Give the data below again exactly as it stands. Omit the pictures.

[[ Supplied information, beginning ]]

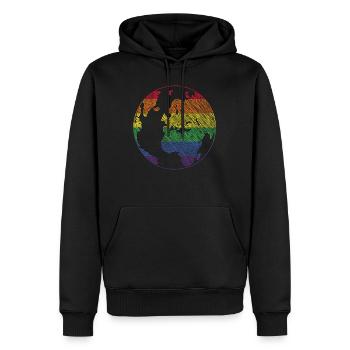 cadeau de fierté mondiale lgbt - Sweat à capuche Premium bio Homme - noir - Devant - Nico (187cm)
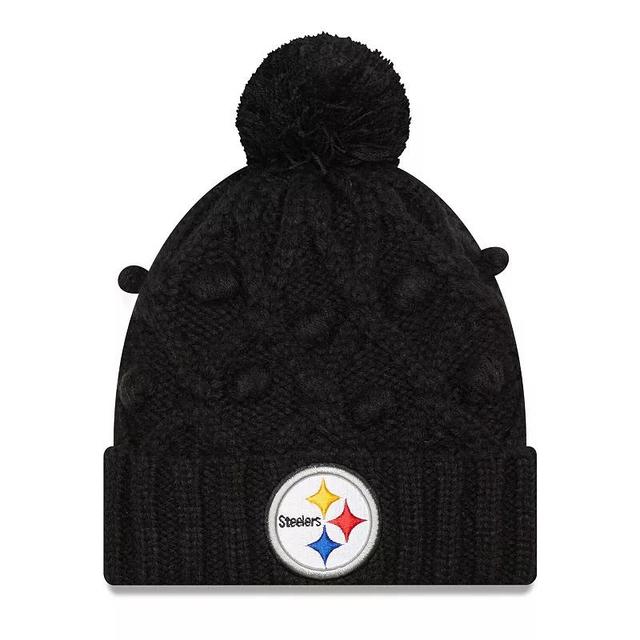 Womens New Era Black Pittsburgh Steelers Toasty Cuffed Knit Hat with Pom Product Image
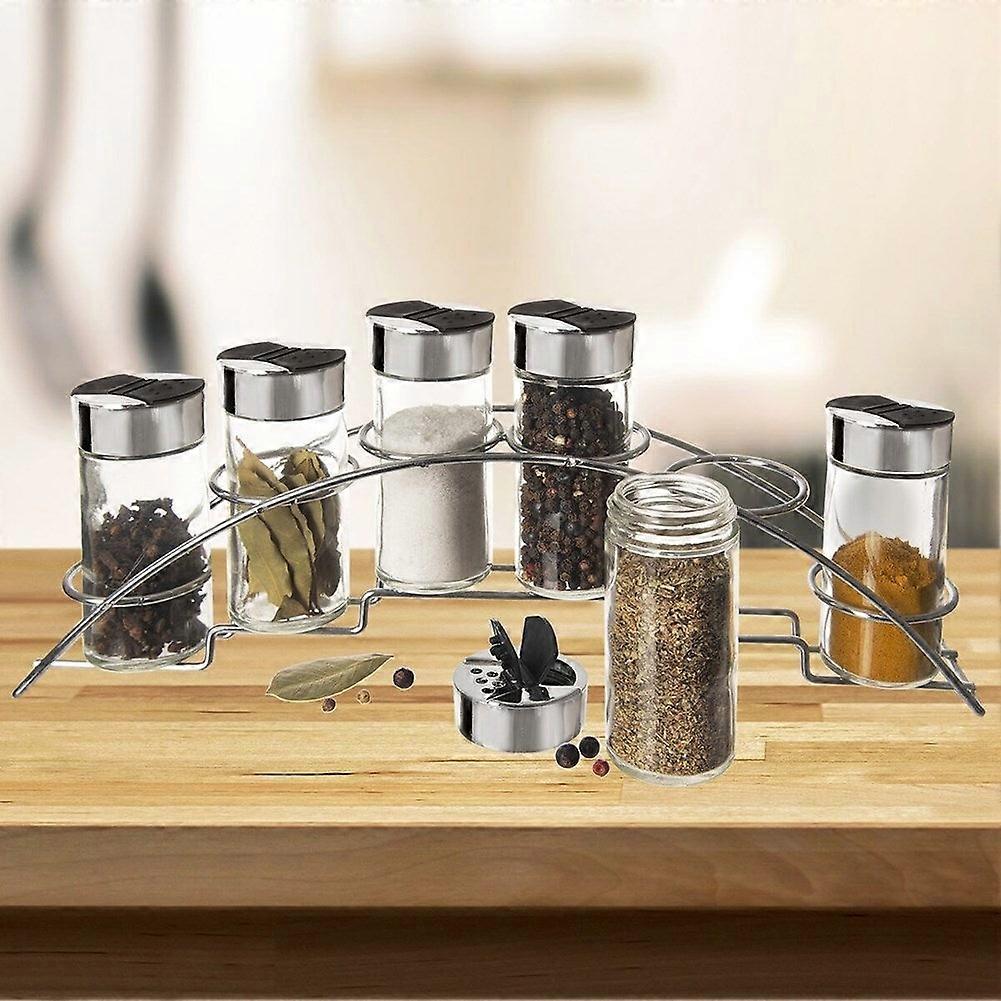 Practical spice rack with 6 containers and rack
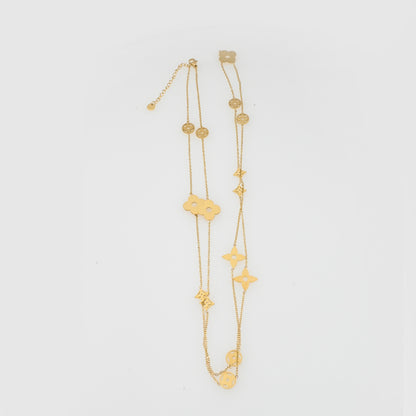 LEEDOX  Floral Geometric Vacuum Plated Long Necklace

[[ Supplied information, end ]]

* Response for this exercise:
 cadeau de fierté mondiale lgbt - Sweat à capuche Premium bio Homme - noir - Devant - Nico (187cm)
 Womens New Era Black Pittsburgh Steelers Toasty Cuffed Knit Hat with Pom Product Image
 Practical spice rack with 6 containers and rack
 LEEDOX  Floral Geometric Vacuum Plated Long Necklace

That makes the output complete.